Named after its legendary creator, a buddha with iron-coloured or perhaps rust-coloured skin, Tieluohan ('Iron Arhat') is one of the Si Da Ming Cong, or 'four famous (tea) bushes', and particularly known for its pear taste. But far from being simply fruity, the multiple roastings undergone by these leaves has given them an impressive array of flavours, emboldening the spiciness of black pepper, ginger, and a hint of herbal wintergreen, and mellowing the roasted flavour into gentle dulce de leche. All wrapped around a brothy body of blackberry or, yes, pear. But be warned! A strong steeping can bring out all the hidden intensity of its roasting—perhaps like the secret skill of a recluse monk.
Wuyi Yan Cha – the tea from the rocks
Wuyi Yan Cha, aka Wuyi Rock Tea or, more properly, Cliff Tea, is an ancient oolong tea (one of the six tea categories, halfway between green and black teas). Rock tea is produced in the northern Fujian province.
Wuyi Yan Cha are complex teas. The typical mineral savor shares the field with the strength from roasting and the delicate floral and fruity hints.
- ORIGIN: Dashuikeng, Wuyishan, Fujian, China
- MEANING: Iron wise man (tie luo han)
- CULTIVAR: Tieluohan
- HARVEST TIME: 1 May 2017
- TASTE: Pear, black pepper, dulce de leche
- ROASTING: Medium (baked four times)
Authentic Wuyi Yan Cha is produced in the Wuyi Mount region, a UNESCO natural heritage site. The dramatic gorges of the Nine Bend River are surrounded by a largely intact subtropical forest and smooth cliffs of black-brownish rocks. The tea plants grow in narrow valleys, next to the cliffs, in a mineral-rich soil.
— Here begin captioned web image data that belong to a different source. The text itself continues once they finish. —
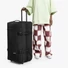 Obraz 2/9 -Eastpak - Tranverz M Black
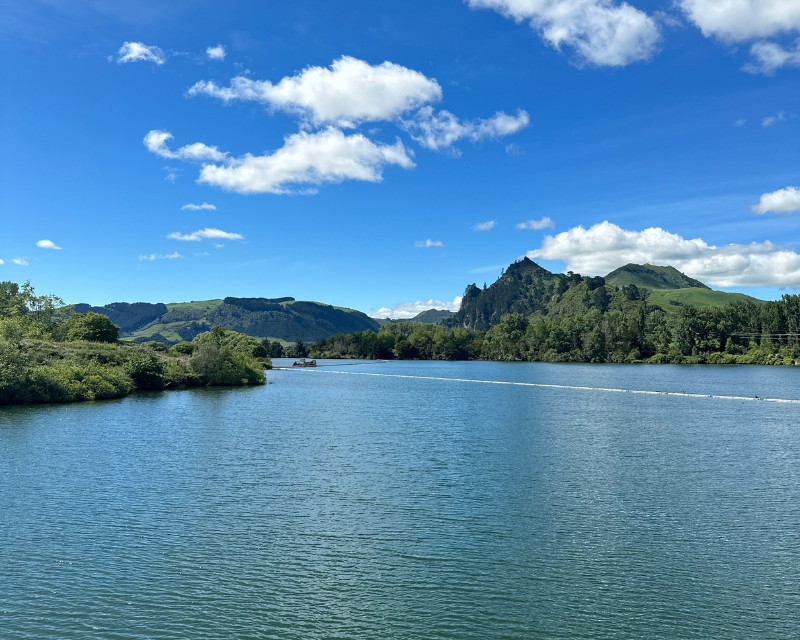 lakewhakamaru 800x640stdimage 2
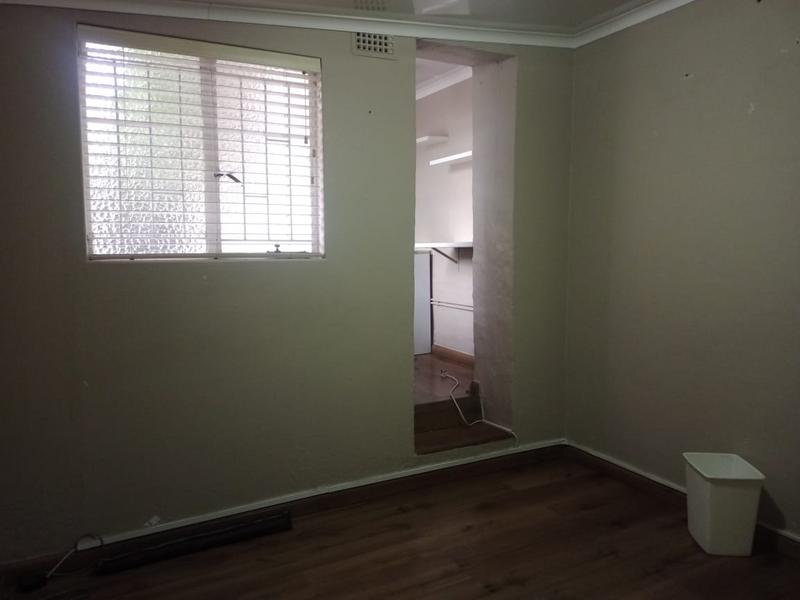 0 Bedroom Property for Sale in Kroonstad Free State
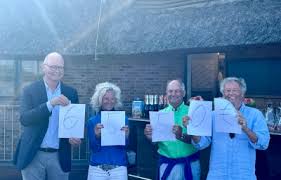 We did not find results for: Fore Das Golf Club Sylt Blog Golf Club Sylt E V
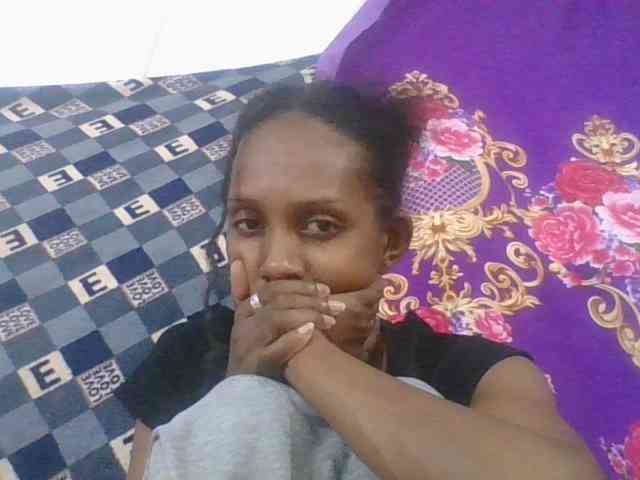 ninie1a webcam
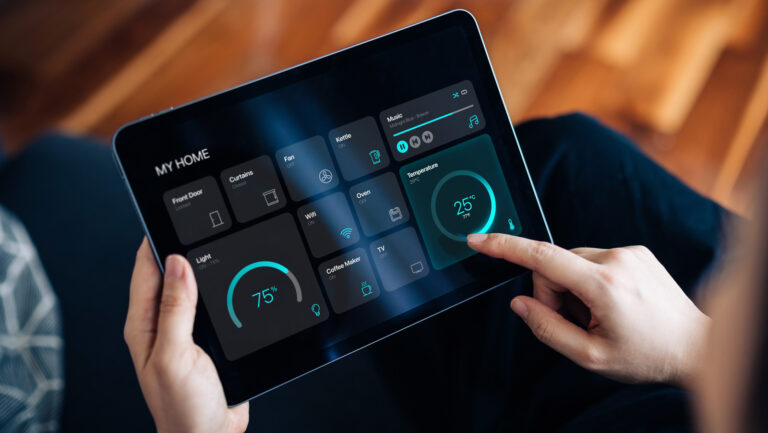 5 Smart Devices You Should Avoid Having In Your Home
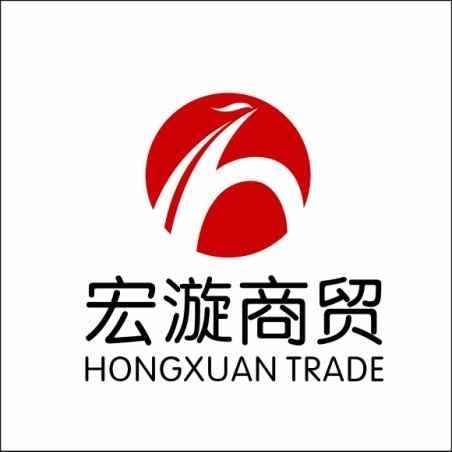 长沙长沙招聘_长沙招聘会 最新长沙招聘会 2019年长沙招聘会 招聘会网(3)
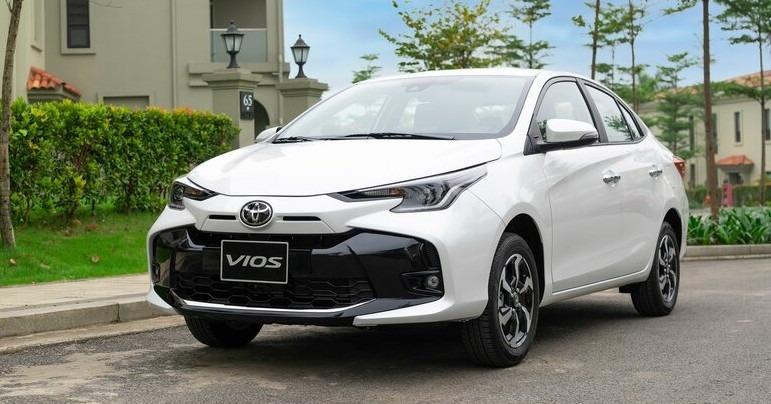 vios-2023-110030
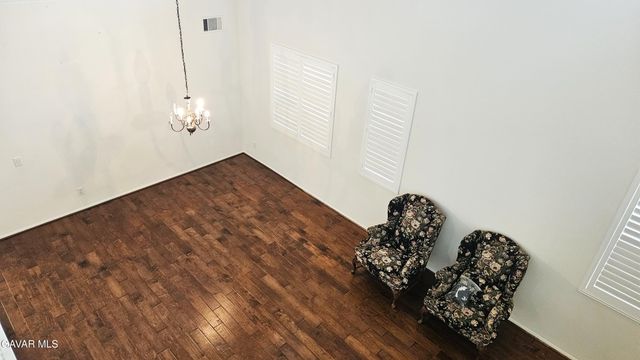 42952 59th Street, Quartz Hill, CA 93536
Today Wuyi Yan Cha is one of the most valued teas in China. Because it has become a status symbol, many wealthy Chinese are willing to pay a fortune for it without even knowing how a proper Wuyi Yan Cha should taste. The result has been prices inflating to unjustified level and quality often sacrificed for quantity.
Unique to the Wuyi Yan Cha is a mineral savor coming from the soil and the surrounding cliffs. Being the oolong with the highest fire finish, fresh Yan Cha may as a result be strong and pungent. Sharpness and too-prominent astringency subside upon ageing. Premium high-fire Yan Cha tastes better after a few years of storage. Use a Yixing teapot to soften the tea, should it be too astringent for your palate.
The overall tasting profile is rich, complex, and deep. Depending on cultivar and environment, the mineral-roasted flavor is refined by floral, fruity, nutty or woody accents.